Lentiviruses are a subclass of retroviruses. They are sometimes used as vectors for gene therapy thanks to their ability to integrate into the genome of non-dividing cells, which is a unique feature of lentiviruses, as other retroviruses can infect only dividing cells. The viral genome in the form of RNA is reverse-transcribed when the virus enters the cell to produce DNA, which is then inserted into the genome at a random position (although recent findings suggest that the insertion of viral DNA is not random but directed to specific active genes and related to genome organisation) by the viral integrase enzyme. The vector, now called a provirus, remains in the genome and is passed on to the progeny of the cell when it divides. There are, as yet, no techniques for determining the site of integration, which can pose a problem. The provirus can disturb the function of cellular genes and lead to activation of oncogenes promoting the development of cancer, which raises concerns for possible applications of lentiviruses in gene therapy. However, studies have shown that lentivirus vectors have a lower tendency to integrate in places that potentially cause cancer than gamma-retroviral vectors. More specifically, one study found that lentiviral vectors did not cause either an increase in tumor incidence or an earlier onset of tumors in a mouse strain prone to tumors. Moreover, clinical trials that utilized lentiviral vectors to deliver gene therapy for the treatment of HIV experienced no increase in mutagenic or oncologic events. Versions of the lentiviral vector have been developed that do not integrate their genetic material into the cell's genome but only transiently express genes.

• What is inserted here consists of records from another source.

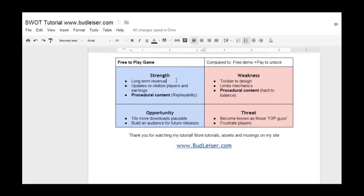In the strength column for free to play, we have long-term revenue. I put this as internal because it's very beneficial for us and helps us make more games. You could list it as external — it's one of those things that could go either way, and that happens with SWOT. If you get stuck, just put it somewhere and move on. Don't think about it too long; it's kind of a waste of time.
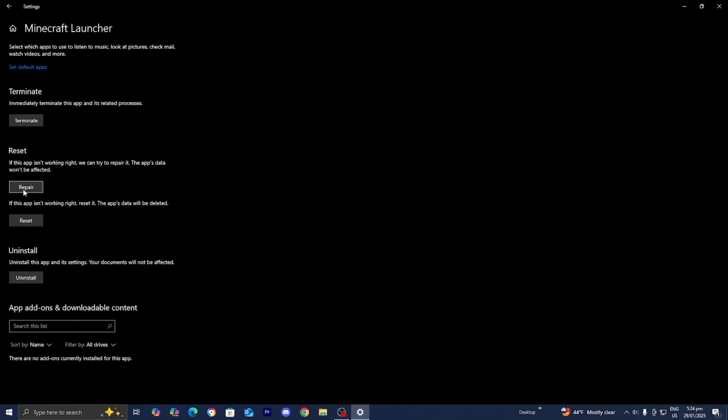Then Windows will actually try to figure out what the issue is with the Minecraft Launcher and hopefully try to fix it. Essentially, this will allow you to have a fresh new start when using the Minecraft Launcher.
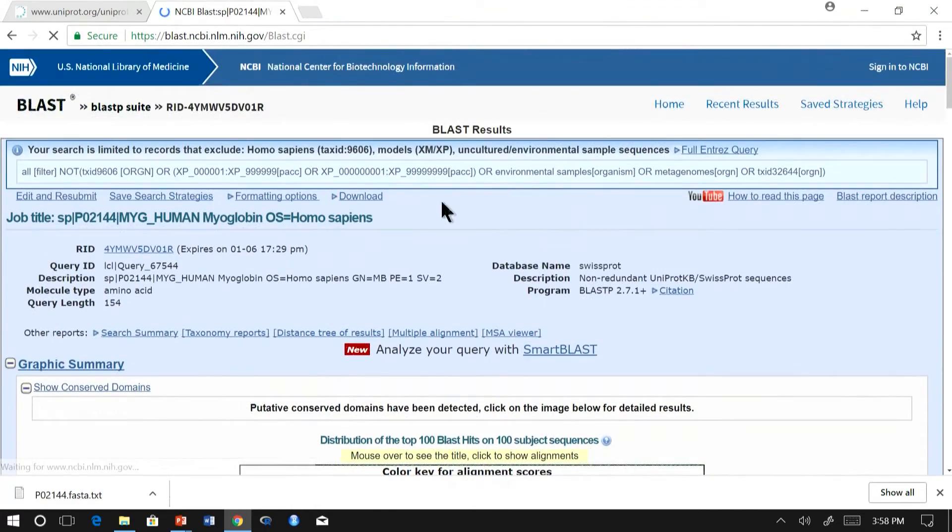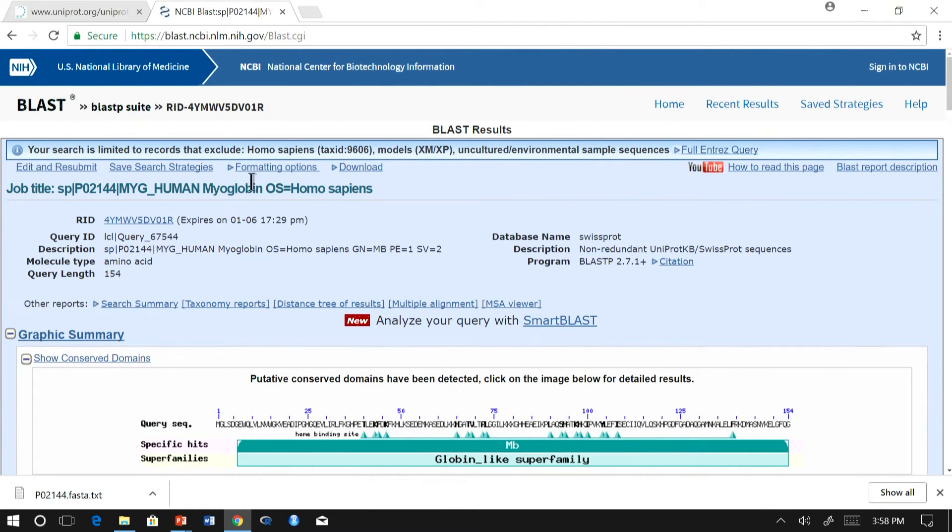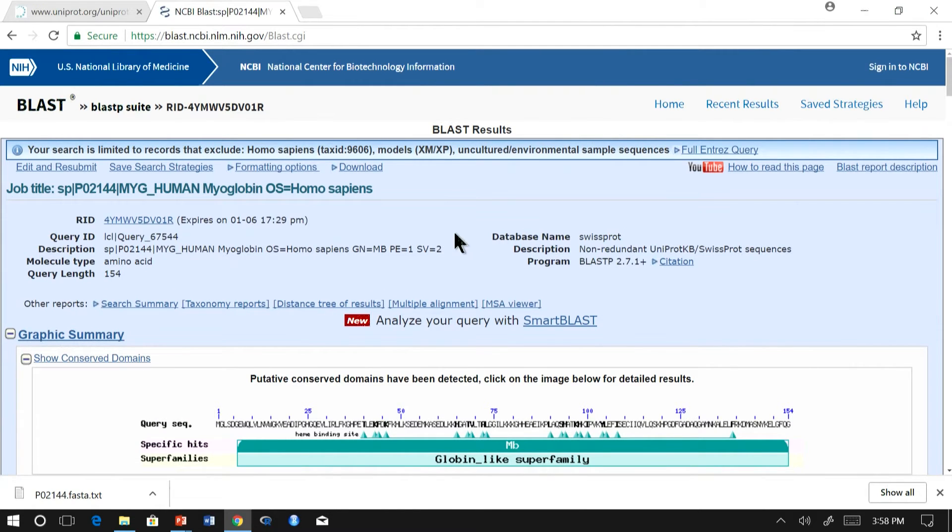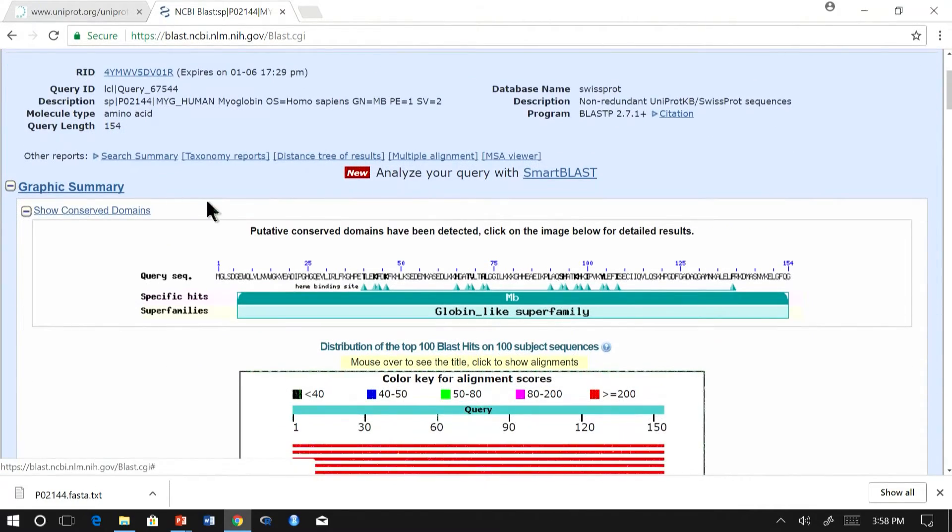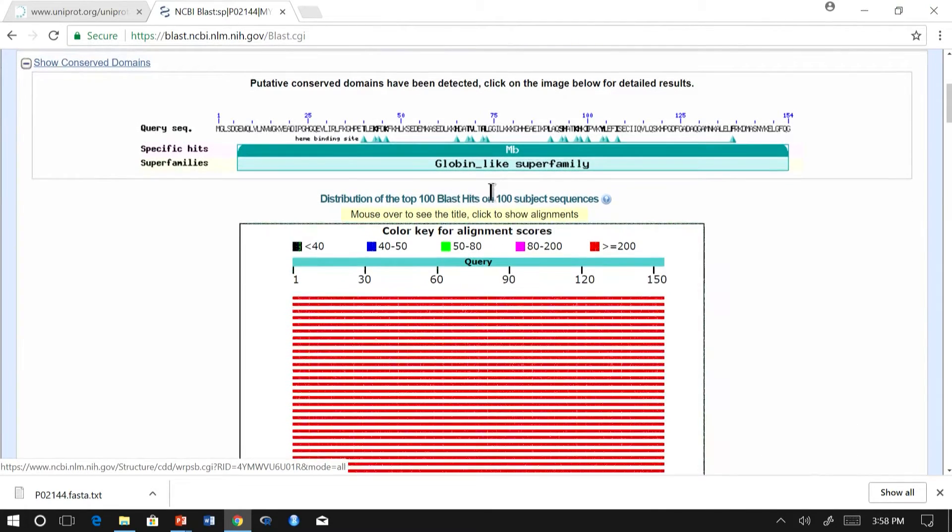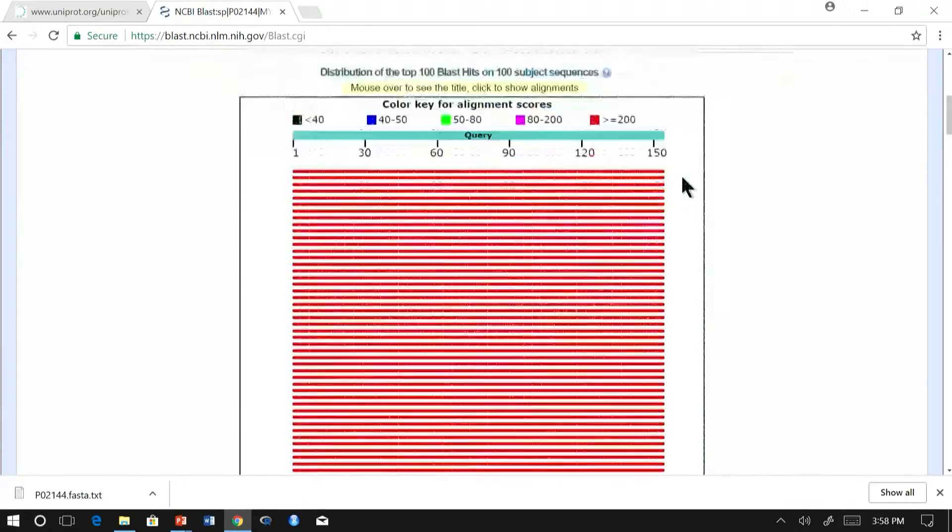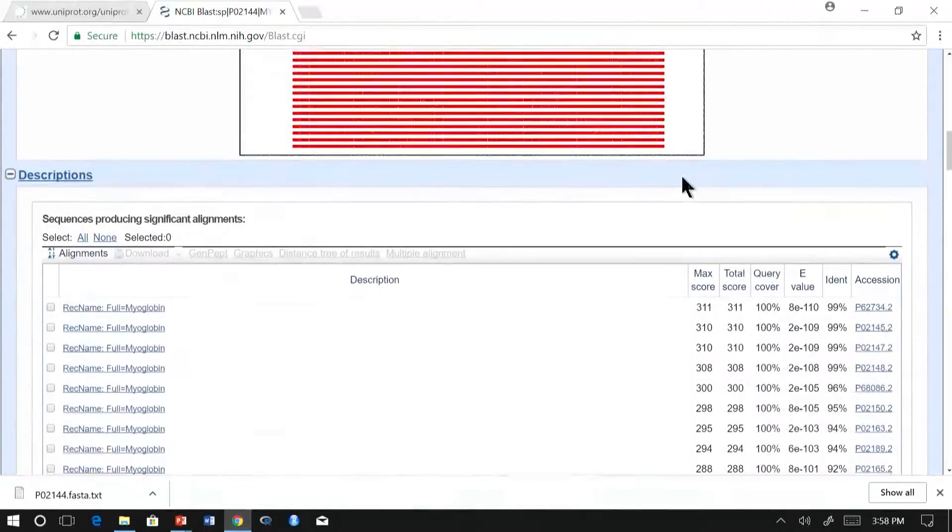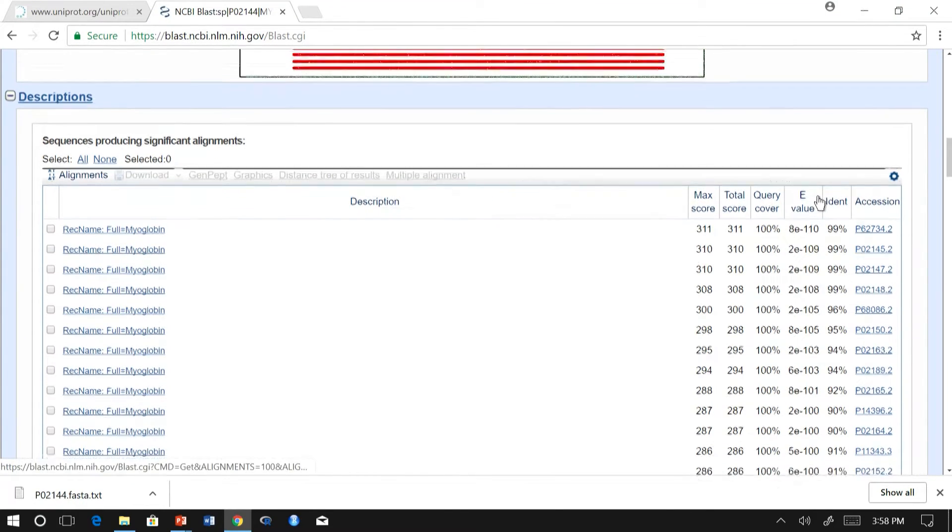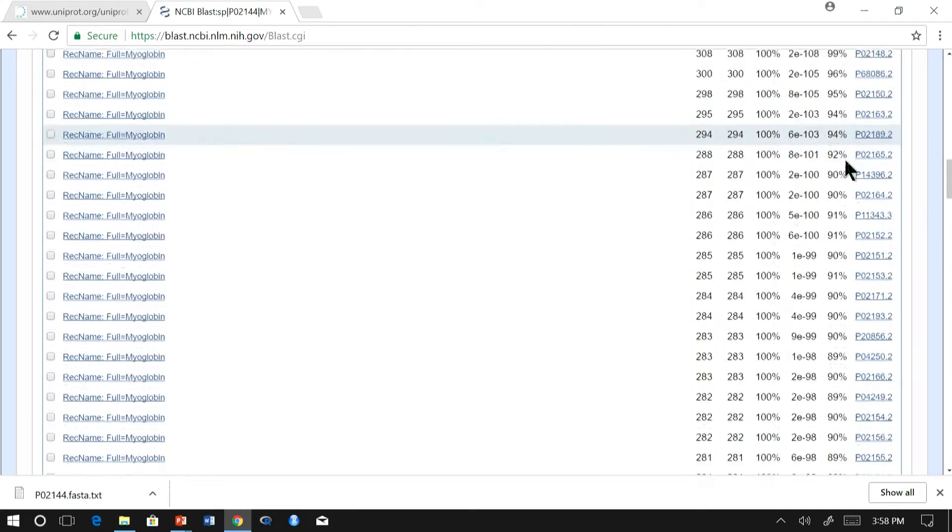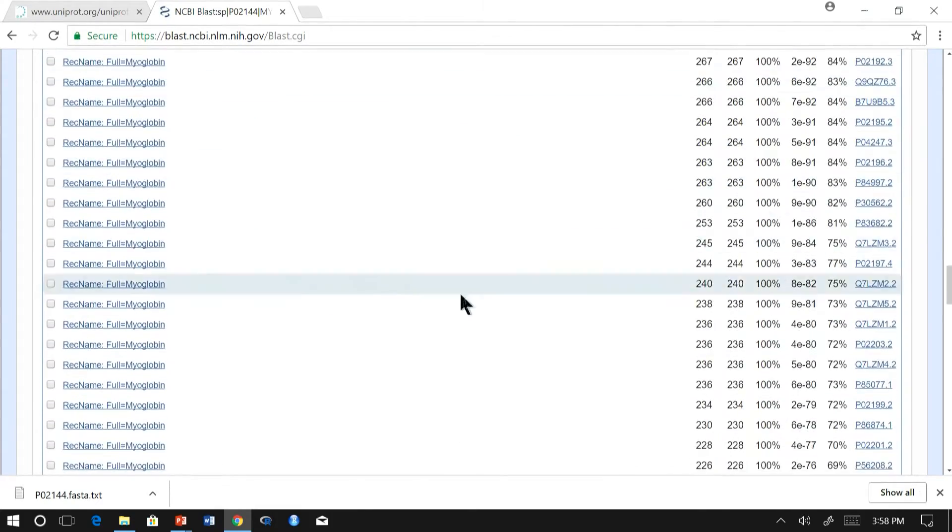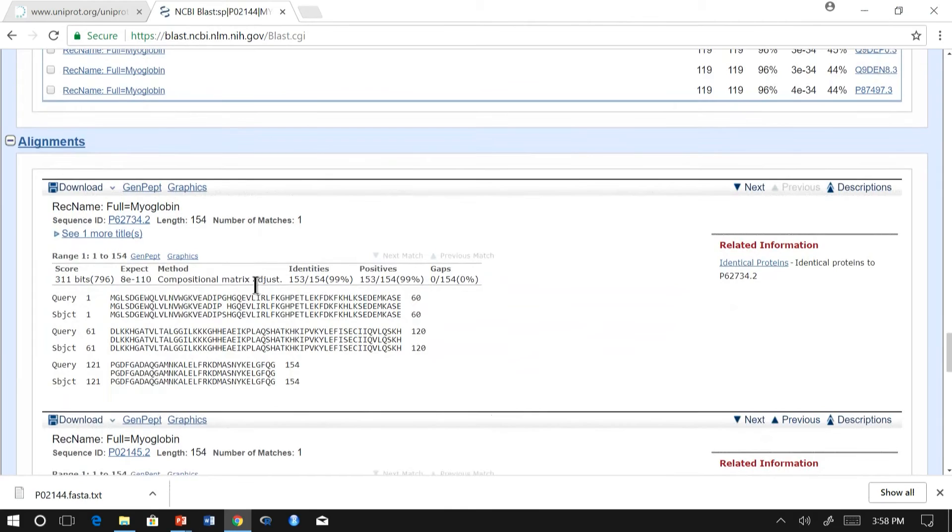The output from BLAST will have following sections. The first initial part will cover the job detail, the request which you have performed, the query and the database, target database. Further, you could see a graphical summary, which is very useful in case you want to find a region-wise conservation among the aligned sequences. Further, you could see a summary where all the alignments along with their score and the E values are listed, below which you will find individual alignments of each aligned sequence.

For safety reasons, lentiviral vectors never carry the genes required for their replication. To produce a lentivirus, several plasmids are transfected into a so-called packaging cell line, commonly HEK 293. One or more plasmids, generally referred to as packaging plasmids, encode the virion proteins, such as the capsid and the reverse transcriptase. Another plasmid contains the genetic material to be delivered by the vector. It is transcribed to produce the single-stranded RNA viral genome and is marked by the presence of the ψ (psi) sequence. This sequence is used to package the genome into the virion.

Adenoviruses

As opposed to lentiviruses, adenoviral DNA does not integrate into the genome and is not replicated during cell division. This limits their use in basic research, although adenoviral vectors are still used in in vitro and also in vivo experiments. Their primary applications are in gene therapy and vaccination. Since humans commonly come in contact with adenoviruses, which cause respiratory, gastrointestinal and eye infections, majority of patients have already developed neutralizing antibodies which can inactivate the virus before it can reach the target cell. To overcome this problem scientists are currently investigating adenoviruses that infect different species to which humans do not have immunity, for example, the chimpanzee adenovirus used as a vector to transport SARS-CoV-2 spike gene in Oxford AstraZeneca COVID vaccine. PEGylation of adenoviruses for gene therapy can help prevent adverse reactions due to pre-existing adenovirus immunity.

Adeno-associated viruses

Adeno-associated virus (AAV) is a small virus that infects humans and some other primate species. AAV is not currently known to cause disease, and causes a very mild immune response. AAV can infect both dividing and non-dividing cells and may incorporate its genome into that of the host cell. Moreover, AAV mostly stays as episomal (replicating without incorporation into the chromosome); performing long and stable expression. These features make AAV a very attractive candidate for creating viral vectors for gene therapy. However, AAV can only bring up to 5kb which is considerably small compared to AAV's original capacity.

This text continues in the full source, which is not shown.